-- Opening Marker --
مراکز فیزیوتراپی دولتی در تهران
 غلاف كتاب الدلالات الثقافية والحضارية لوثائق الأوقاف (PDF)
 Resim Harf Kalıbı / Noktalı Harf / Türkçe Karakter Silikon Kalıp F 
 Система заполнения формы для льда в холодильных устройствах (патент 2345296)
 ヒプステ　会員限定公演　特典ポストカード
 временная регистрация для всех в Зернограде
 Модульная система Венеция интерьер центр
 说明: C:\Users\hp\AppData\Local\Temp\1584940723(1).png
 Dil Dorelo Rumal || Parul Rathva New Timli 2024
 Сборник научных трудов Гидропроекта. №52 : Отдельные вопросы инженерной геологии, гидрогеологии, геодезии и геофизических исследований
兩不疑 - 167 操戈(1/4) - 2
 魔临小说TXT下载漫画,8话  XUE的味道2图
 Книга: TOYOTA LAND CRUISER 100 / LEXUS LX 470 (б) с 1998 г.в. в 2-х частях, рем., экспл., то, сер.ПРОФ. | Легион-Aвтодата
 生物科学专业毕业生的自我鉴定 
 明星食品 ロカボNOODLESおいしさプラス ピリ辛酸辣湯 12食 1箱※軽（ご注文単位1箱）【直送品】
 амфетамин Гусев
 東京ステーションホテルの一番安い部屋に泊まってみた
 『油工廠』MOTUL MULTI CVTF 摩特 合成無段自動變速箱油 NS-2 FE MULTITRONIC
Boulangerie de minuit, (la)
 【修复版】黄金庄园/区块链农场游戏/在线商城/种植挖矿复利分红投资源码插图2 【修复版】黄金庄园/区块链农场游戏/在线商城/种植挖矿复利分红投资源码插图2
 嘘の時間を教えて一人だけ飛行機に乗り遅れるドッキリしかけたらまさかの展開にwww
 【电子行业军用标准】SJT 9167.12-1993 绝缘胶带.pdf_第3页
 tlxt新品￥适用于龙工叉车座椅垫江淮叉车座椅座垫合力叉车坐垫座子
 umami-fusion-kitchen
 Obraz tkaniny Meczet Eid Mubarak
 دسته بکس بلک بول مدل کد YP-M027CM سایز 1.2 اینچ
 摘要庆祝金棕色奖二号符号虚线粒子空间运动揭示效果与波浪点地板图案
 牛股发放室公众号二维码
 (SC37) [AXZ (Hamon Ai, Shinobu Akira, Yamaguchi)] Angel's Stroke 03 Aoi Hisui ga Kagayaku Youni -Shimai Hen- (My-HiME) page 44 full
-- Closing Marker --
TASK REQUIREMENTS: A verbatim transcription is needed of the lines above, starting at the line with "временная регистрация для всех в Зернограде" and ending at the line with "生物科学专业毕业生的自我鉴定", both included, and of nothing else.

YOUR SOLUTION:
 временная регистрация для всех в Зернограде
 Модульная система Венеция интерьер центр
 说明: C:\Users\hp\AppData\Local\Temp\1584940723(1).png
 Dil Dorelo Rumal || Parul Rathva New Timli 2024
 Сборник научных трудов Гидропроекта. №52 : Отдельные вопросы инженерной геологии, гидрогеологии, геодезии и геофизических исследований
兩不疑 - 167 操戈(1/4) - 2
 魔临小说TXT下载漫画,8话  XUE的味道2图
 Книга: TOYOTA LAND CRUISER 100 / LEXUS LX 470 (б) с 1998 г.в. в 2-х частях, рем., экспл., то, сер.ПРОФ. | Легион-Aвтодата
 生物科学专业毕业生的自我鉴定 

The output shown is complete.